Professor Guest is a researcher of artificially intelligent systems, fiber-optic communications, and computervision. Much work in AI aims at duplicating subliminal human processing, including speech and facial recognition. In this domain, Guest is working with a graduate student to develop a Chinese speech-recognition system. But another of Guest's interests is goal-directed artificially intelligent systems handling challenges to which humans must consciously apply analytical skill. A test case is an engine for playing strategic games. Such a model would be more efficient than existing machines that use brute-force parsing of all available options. In addition to military planning, a goal-directed AI model could assist humans in many fields, including business decision-makers. Guest's group developed the CAN neural network algorithm, which was orders of magnitude faster than the then prevalent back-propagation method.

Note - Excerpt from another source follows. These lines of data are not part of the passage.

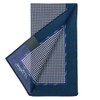Dupont (신세계본점)26 S/S 순면 손수건 SE6SMA381004SGE005GE 2매세트 (Shinsegae Main Store)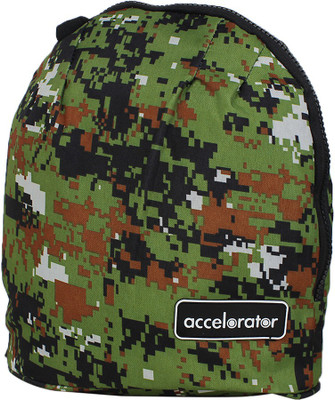 

Goldendays Slinger Bag 7 L Backpack(Green)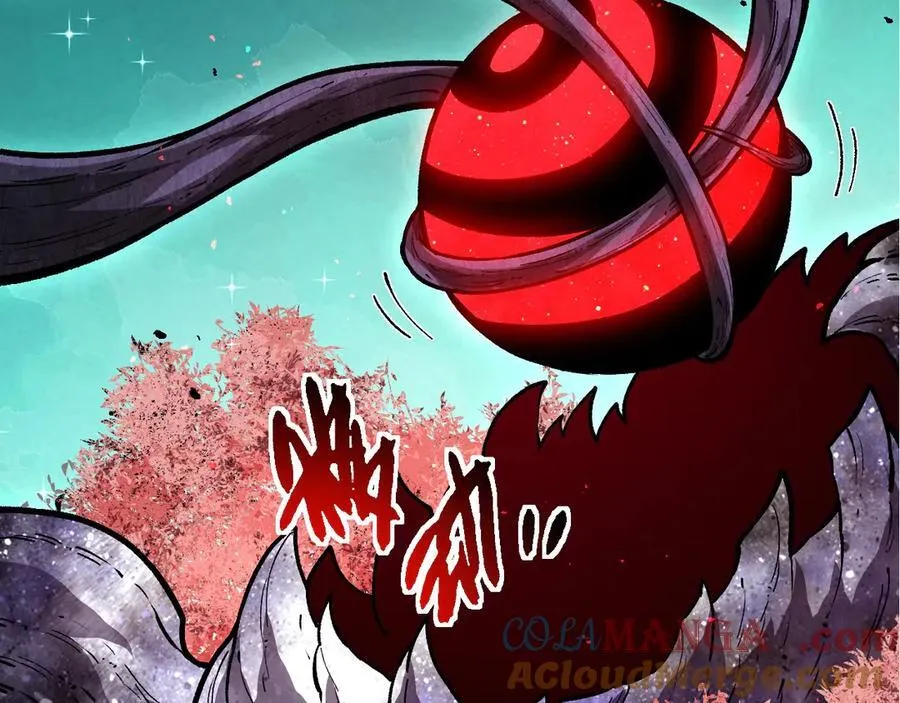 第375话 不死树16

Guest also is an optical device expert, and his focus is on interconnect technology. Optics for this application is gaining new attention because of light's speed, low power, and other advantages that are at a premium at a time when computer-system architects are finding it increasingly difficult to power, cool, communicate, and operate devices running at ever higher clock rates. Guest's group was the first to provide a practical demonstration of the superiority of optical interconnections and was a leading developer of simulated annealing in the design of computer-generated holograms. Guest's work in computervision has been applied commercially to difficult production-line inspection tasks. In 1994, his group was the first to successfully apply the Neocognitron vision model to grayscale images and binocular depth perception.

Capsule Bio:
Clark C. Guest joined the UCSD faculty in 1984. At the Jacobs School he runs the Optical Data Processing and Communications Group. He is undergraduate faculty mentor for the Continuous Observation & Remote sensing AUAV eXperiment, or CORAX, a CalSpace project aimed at enabling students to conduct low-cost space research. He is also involved in planning of the Autonomous Model Yacht Race. AMYR is a competitive race to Tahiti and back for self-guided, self propelled model yachts. He received his Ph.D. from the Georgia Institute of Technology in 1983.